• AVAILABLE DATA:
[Start of section]

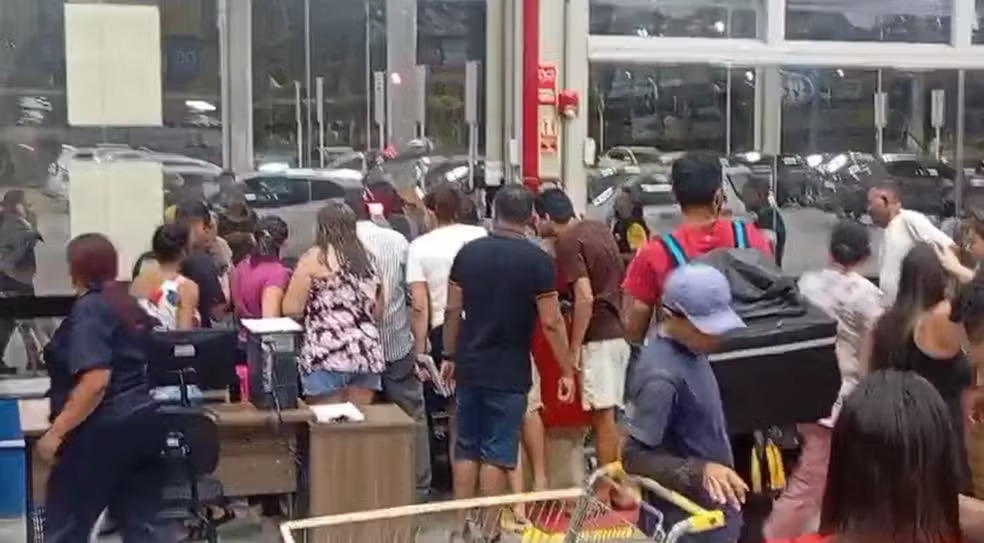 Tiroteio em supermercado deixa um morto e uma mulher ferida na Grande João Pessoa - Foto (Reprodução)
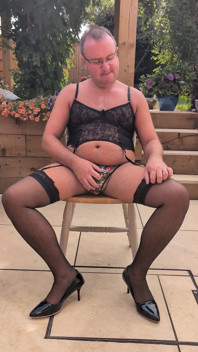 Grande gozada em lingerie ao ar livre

[End of section]
[Start of section]

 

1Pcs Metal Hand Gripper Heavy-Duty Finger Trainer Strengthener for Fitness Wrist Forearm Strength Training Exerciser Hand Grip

[End of section]

• WORK INSTRUCTIONS: What you return must match, character for character, the lines above from the one with "Tiroteio em supermercado" through the one with "Grande gozada em lingerie ao ar livre", minus any pictures.

• WRITTEN SOLUTION:
 Tiroteio em supermercado deixa um morto e uma mulher ferida na Grande João Pessoa - Foto (Reprodução)
 Grande gozada em lingerie ao ar livre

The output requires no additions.